SQL Server connector limitations

Preview

The Microsoft SQL Server connector is in Public Preview.

This page lists limitations and considerations for SQL Server ingestion using Databricks Lakeflow Connect.

General database connector limitations

The limitations in this section apply to all database connectors in Lakeflow Connect.

When you run a scheduled pipeline, alerts don't trigger immediately. Instead, they trigger when the next update runs.
When a source table is deleted, the destination table is not automatically deleted. You must delete the destination table manually. This behavior is not consistent with DLT behavior.
During source maintenance periods, Databricks might not be able to access your data.
If a source table name conflicts with an existing destination table name, the pipeline update fails.
Multi-destination pipeline support is API-only.
You can optionally rename a table that you ingest. If you rename a table in your pipeline, it becomes an API-only pipeline, and you can no longer edit the pipeline in the UI.
If you select a column after a pipeline has already started, the connector does not automatically backfill data for the new column. To ingest historical data, manually run a full refresh on the table.
Managed ingestion pipelines aren't supported for the following:
- Workspaces in AWS GovCloud regions
- Workspaces in Azure GovCloud regions
- FedRAMP-compliant workspaces
Databricks can't ingest two or more tables with the same name in the same pipeline, even if they come from different source schemas.

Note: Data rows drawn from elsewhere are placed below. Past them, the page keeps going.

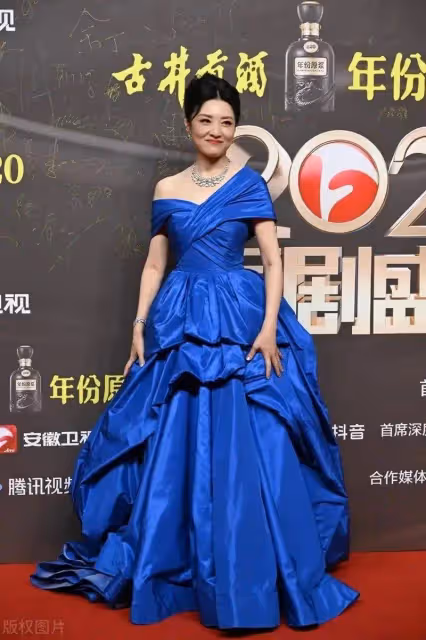周濤「國劇盛典」亮相,連換三奢裙排面拉滿,膚白貌美哪像55歲?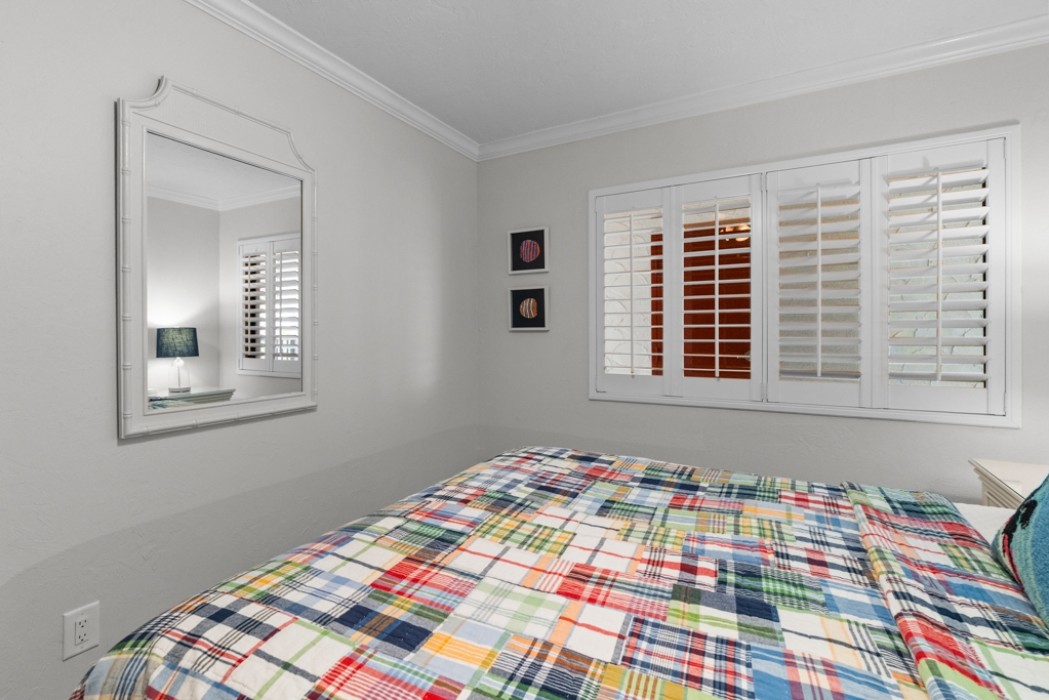 Guest Bedroom w/Queen Bed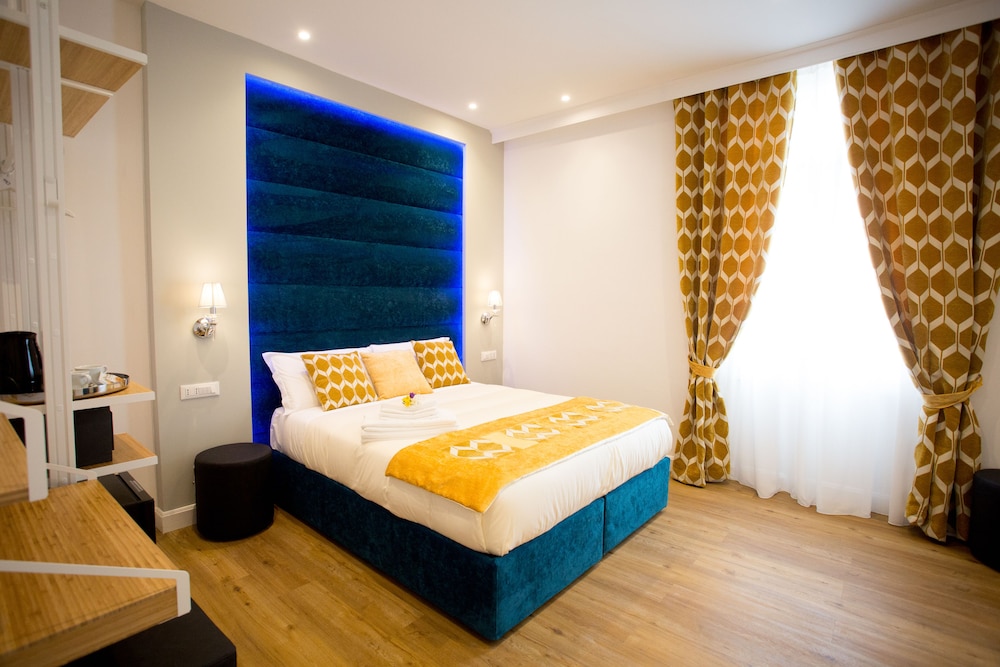 Superior Room (Queen) (Via Napoli 45) photo 1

The limitations in this section are specific to the SQL Server connector.

The connector only supports username and password authentication.
Multi-subnet failover cluster configurations must provide a single forward-facing IP address.

The connector supports Azure SQL and Amazon RDS SQL databases. This includes SQL Server running on Azure virtual machines (VMs) and Amazon EC2. The connector also supports SQL Server on-premises using Azure ExpressRoute and AWS Direct Connect networking.
To use Microsoft change data capture (CDC):
- You must have SQL Server 2012 service pack 1 (SP1) cumulative update package 3 (CU3) or above.
  
  This update introduced the __$command_id column. Without this column, the ingestion gateway can't reliably distinguish between data modification operation types (for example, UPDATE operations that manifest as DELETE-INSERT pairs with identical __$seqval values). This can cause data inconsistencies.
- For versions earlier than SQL Server 2016, Enterprise Edition is also required.
To use Microsoft change tracking, you must have SQL Server 2012 or above.

Each ingestion pipeline must be associated with exactly one ingestion gateway.
Although the ingestion pipeline runs on serverless compute, the ingestion gateway must run on classic compute.

The connector automatically handles new and deleted columns unless you opt out.

When a new column appears in the source, Databricks automatically ingests it on the next run of the pipeline. However, you can opt out of this.
When a column is deleted from the source, Databricks doesn't delete it automatically. Instead, the connector uses a table property to set the deleted column to inactive in the destination. If another column later appears that has a conflicting name with the inactive column, the pipeline fails. In this case, you can run a full refresh of the table or manually drop the inactive column.

This is true for new and deleted tables within a schema if you ingest the entire schema.

Finally, the connector can handle column renames, although this requires a full refresh of the table.

Additional schema changes (for example, data type changes) also require a full refresh of the target tables.

The staging catalog cannot be a foreign catalog.

Databricks recommends ingesting 250 or fewer tables per pipeline. However, there is no limit on the number of rows or columns that are supported within these objects.
Databricks can't ingest two tables whose names differ only in case (for example, MyTable and MYTABLE) using one pipeline. To support such cases, create two gateway-ingestion pipeline pairs that publish to target schemas.
The source_catalog, source_schema, and source_table names are case-sensitive. For example, if the source database catalog is specified as Marketing in sys.databases, you can't specify it as marketing in the ingestion_definition.
Although you can ingest from multiple source catalogs or schemas in one pipeline, you can't ingest two tables of the same name. For example, you can't ingest both schema1.Marketing and schema2.Marketing in the same pipeline.
Multiple table or schema specifications can be included in the objects field of the ingestion_definition. However, the source table names in different source schemas can't overlap. This results in ingestion pipeline failure.